Kikuma said that may be the case, but noted that even before this year, some companies were already considering shifting away from Chinese supply chains to mitigate existing supply chain and policy uncertainties.
One of those policy uncertainties that has not gone away is the looming spectre of trade tariffs. US-China tariffs are currently ‘on pause’ until 12 August at a rate applicable to batteries and storage of about 54%, which is high, but lower than the rates in excess of 120% that had been thrown across the negotiating table earlier this year.
“That’s still the challenge that a lot of market players are facing right now,” Isshu Kikuma said, adding that there may be a lot of procurement activity for projects that want to begin construction during 2025 within this temporary pause.
Another potential supply alternative could be certain non-lithium electrochemical storage technologies, such as vanadium redox or other electrolyte-based flow batteries, zinc or other chemistries, for which supply chains could be fully US-based, or at least rely on non-Chinese exporters.
Citing the example of zinc hybrid cathode battery startup Eos Energy Enterprises, which claims to have a majority US supply chain, Kikuma said such alternatives could play a big role. Many of those alternative technologies, from Eos’ zinc battery to ESS Inc’s iron flow battery or Form Energy’s iron-air ‘multi-day’ battery, are being positioned as suitable for long-duration energy storage (LDES) applications.
The BNEF analyst notes that states like California, Massachusetts and New York are explicitly exploring LDES requirements in their energy mix, which could provide further market impetus for novel non-lithium tech.
The challenge for those players remains in reducing costs to be competitive with the incumbent technology, with lithium-ion’s sheer scale and market traction across electric vehicle (EV), BESS and other sectors providing economies of scale that alternatives are as yet nowhere near close to matching.

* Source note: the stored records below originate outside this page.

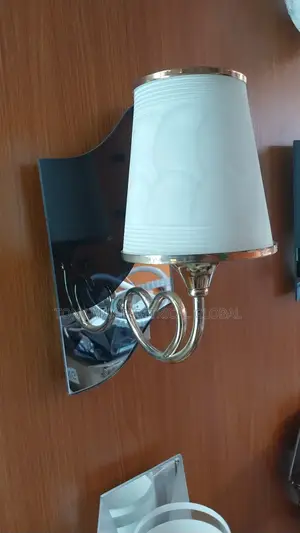 Led Wall Light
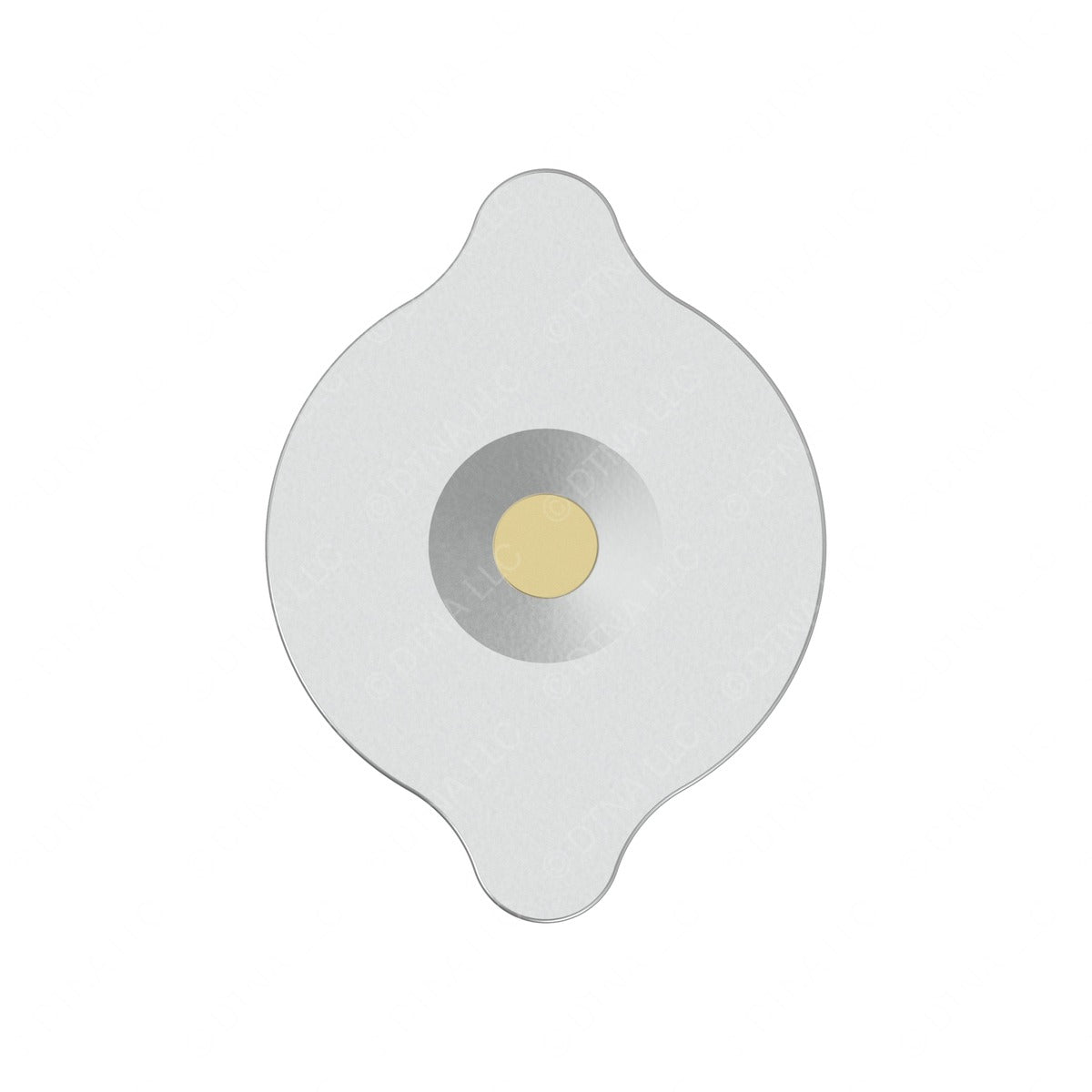 05-17223-004 - CAP-PRESSURE, 13/14 PSI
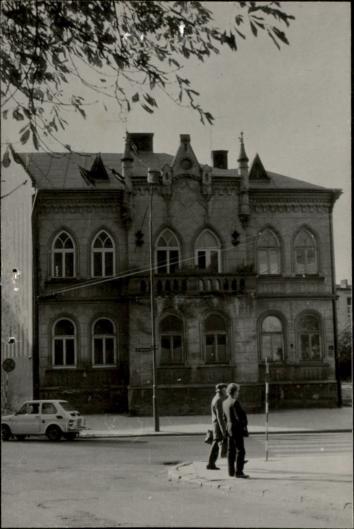 dom, skan 2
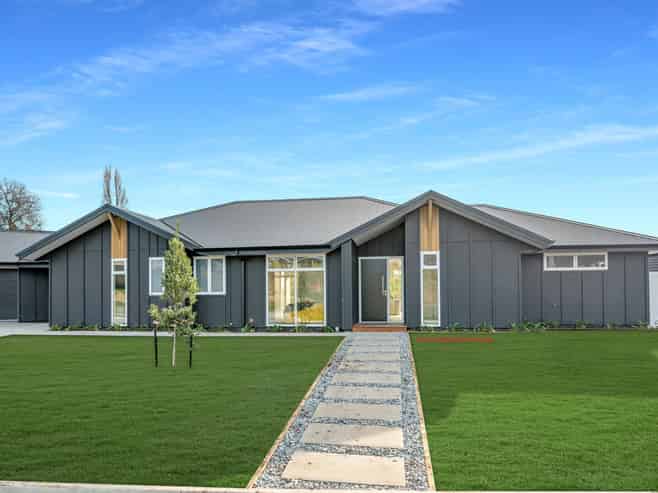 72 Les Wakefield Road, Mapua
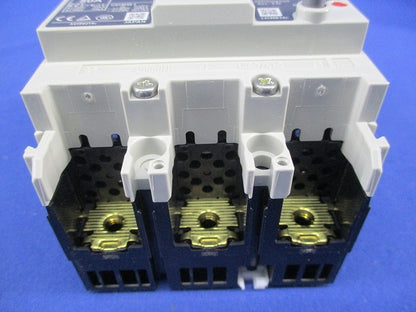 漏電遮断器３P50A EW50RAGU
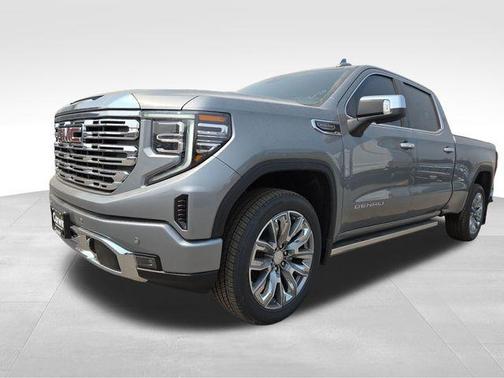 Sterling 2026 GMC Sierra 1500 Denali
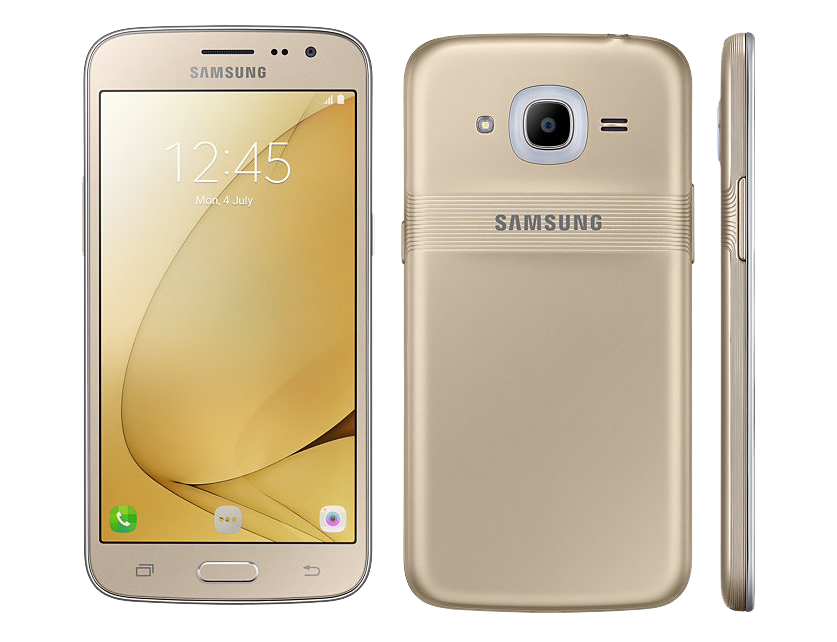 Samsung Galaxy J2 (2016)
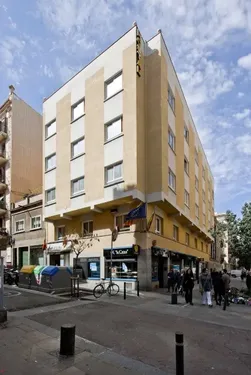 Горящий тур в Hostal Barcelona 2☆ Испания, Барселона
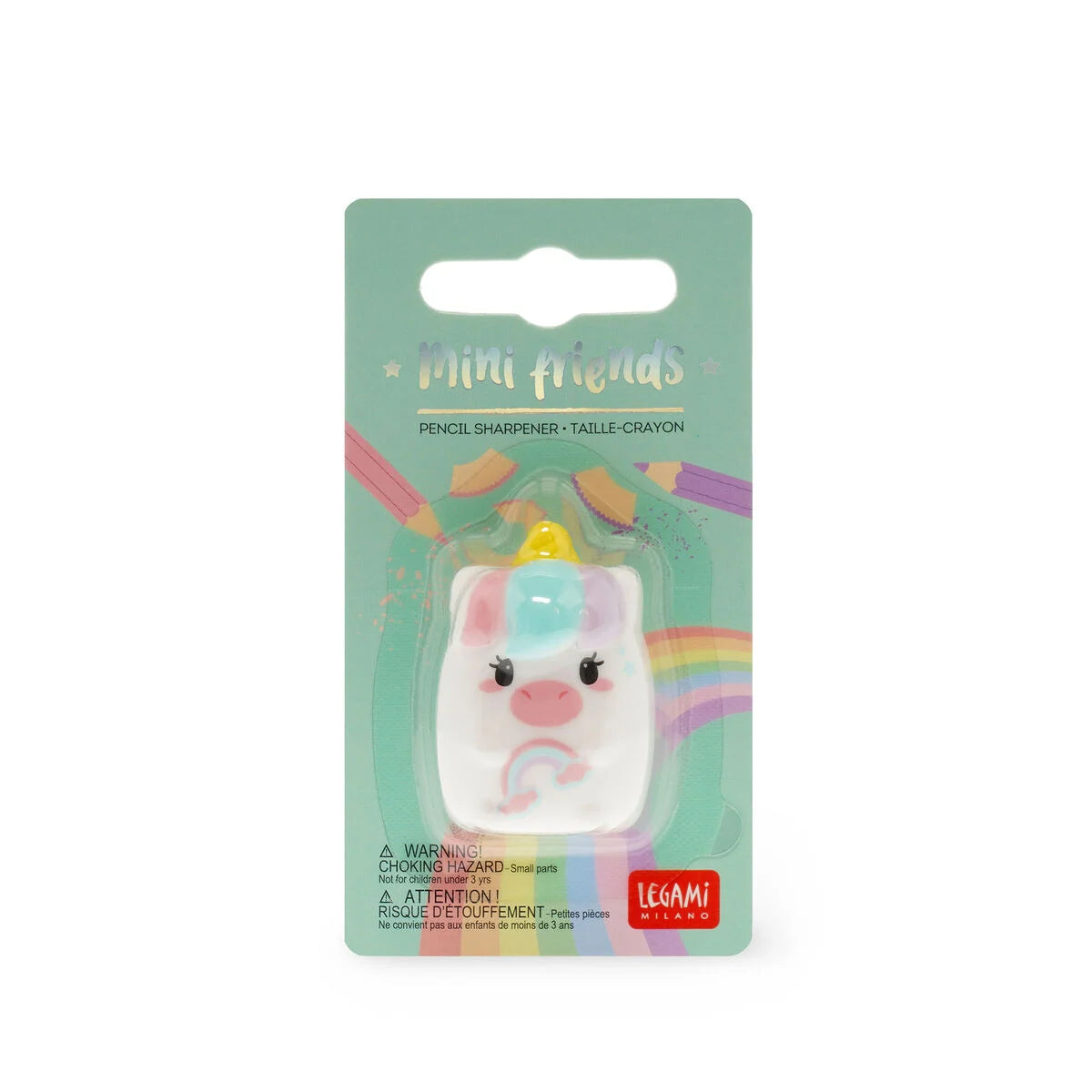 Legami Einhorn Anspitzer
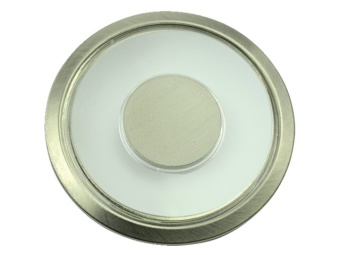Talamex LED Recessed Downlight Dimmable 61mm 10-15V 2700K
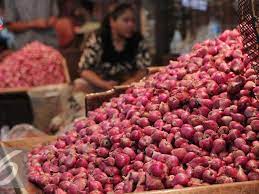 More images for harga bawang merah 2018 malaysia » Harga Bawang Merah Turun Pada Awal Oktober 2018 Bisnis Liputan6 Com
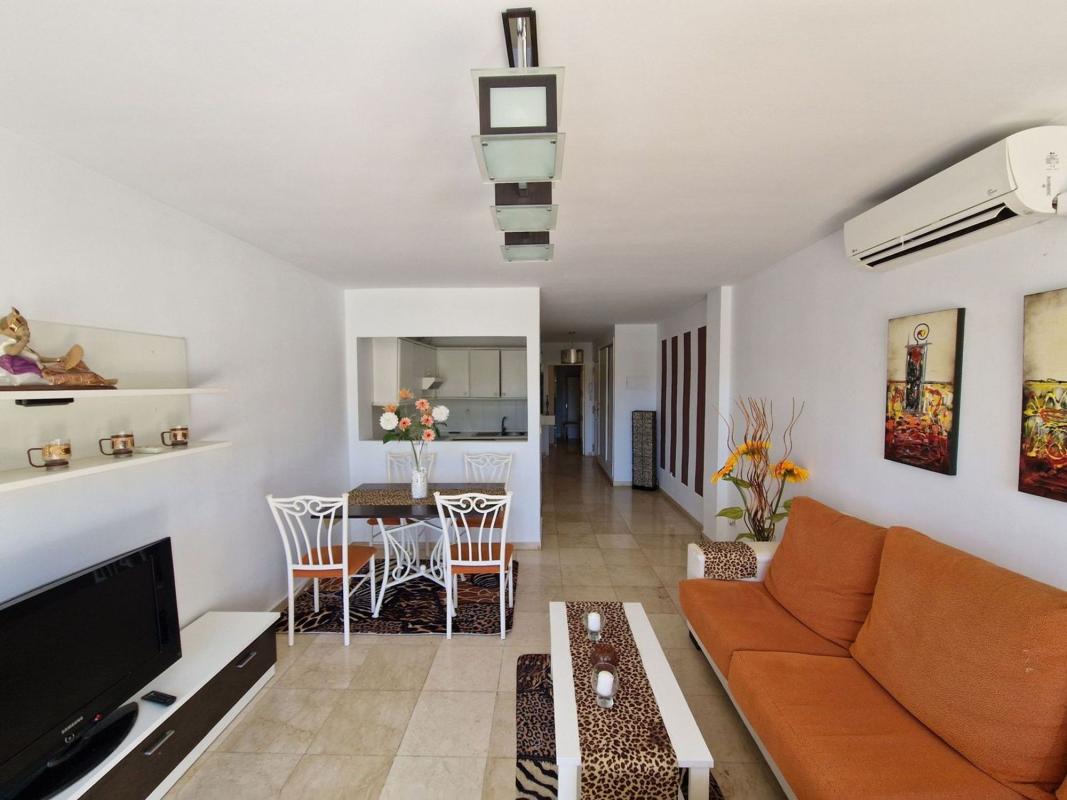 Sprzedaż mieszkania w Piso en Nueva Andalucía, Marbella, Marbella
photo 4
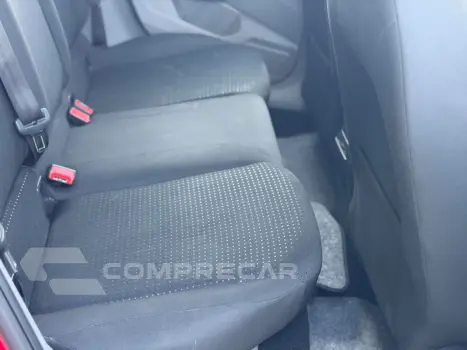 Polo Comfort. 200 TSI 1.0 Flex 12V Aut.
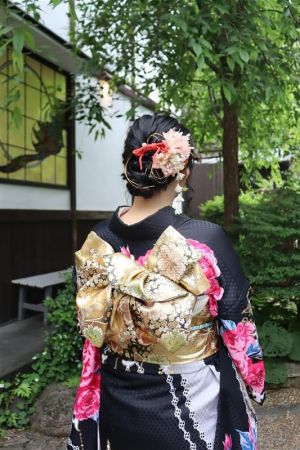 振袖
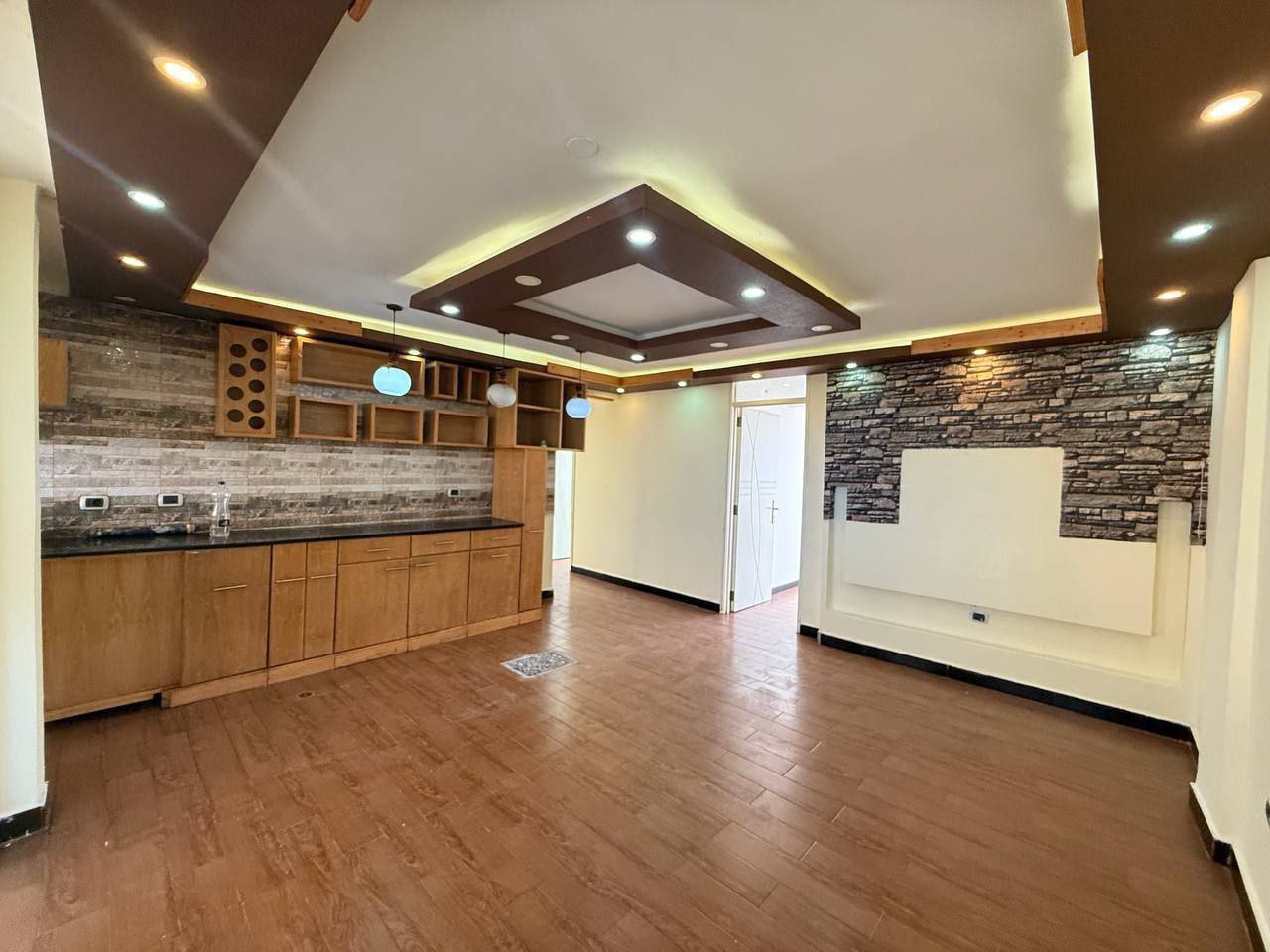 86 ካሬ የሚሸጥ 20/80 ኮንደምንየም ቤት በየካ አባዶ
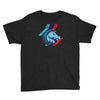 m 343 horses power Youth Tee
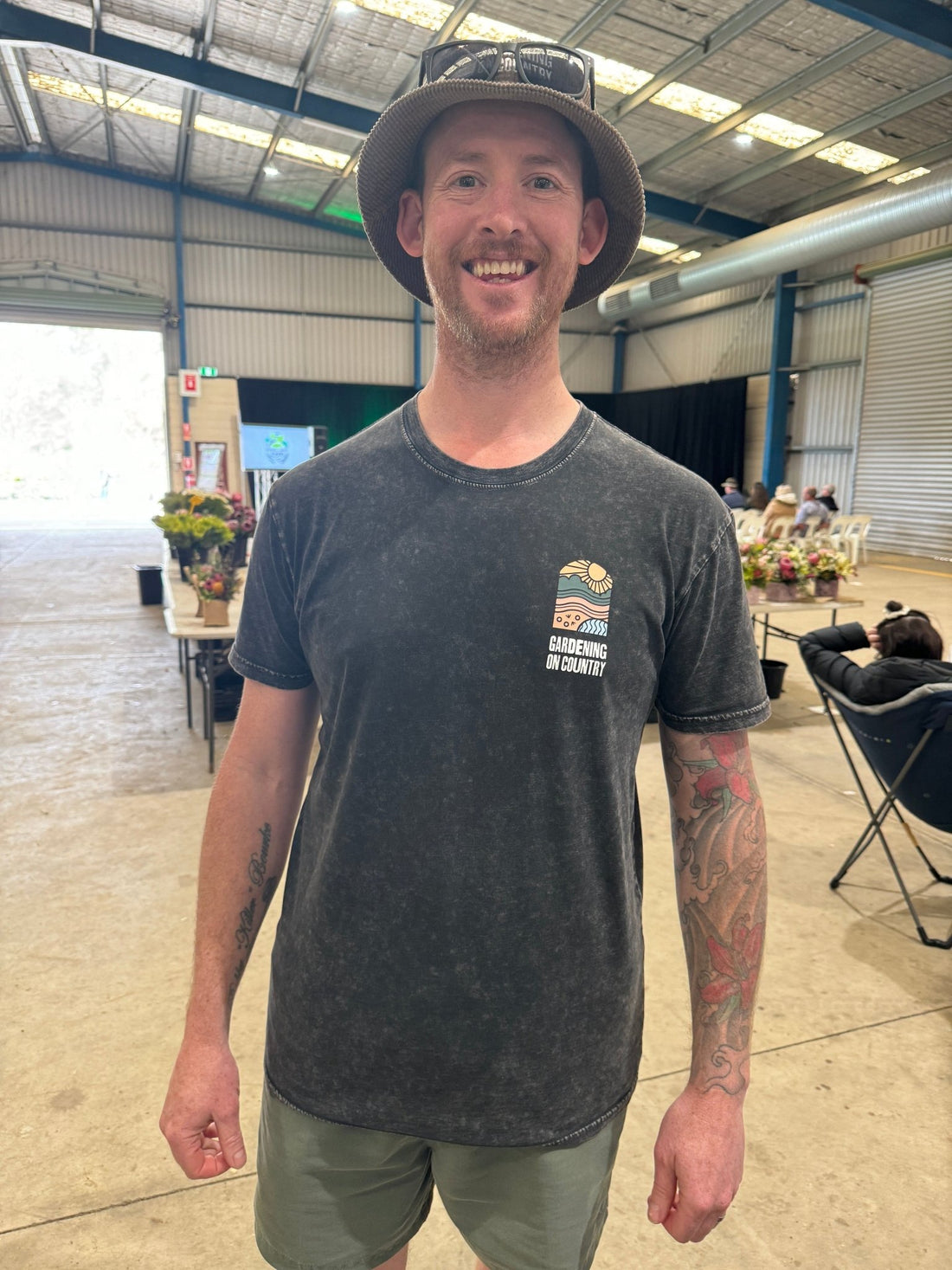 product - name - product - type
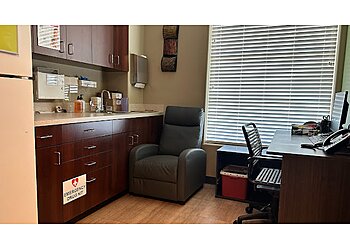 McKinney Ent Doctors Neelesh H. Mehendale, MD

Asked why he thought energy storage retained the ITC where solar and wind did not, Kikuma said it was likely because, although the present administration does not consider an energy transition away from fossil fuels to renewables as a policy goal worth pursuing, it does value electric system reliability.
“I think that’s because the current administration focuses on reliability quite a lot. Right now, they don’t talk much about decarbonisation or the energy transition, but I think they do care about reliability. To maintain reliability, dispatchable power sources, or power sources with flexibility, are definitely key for the power grid. I think that’s why they’re keeping the support for energy storage, as well as other technologies like geothermal and nuclear.”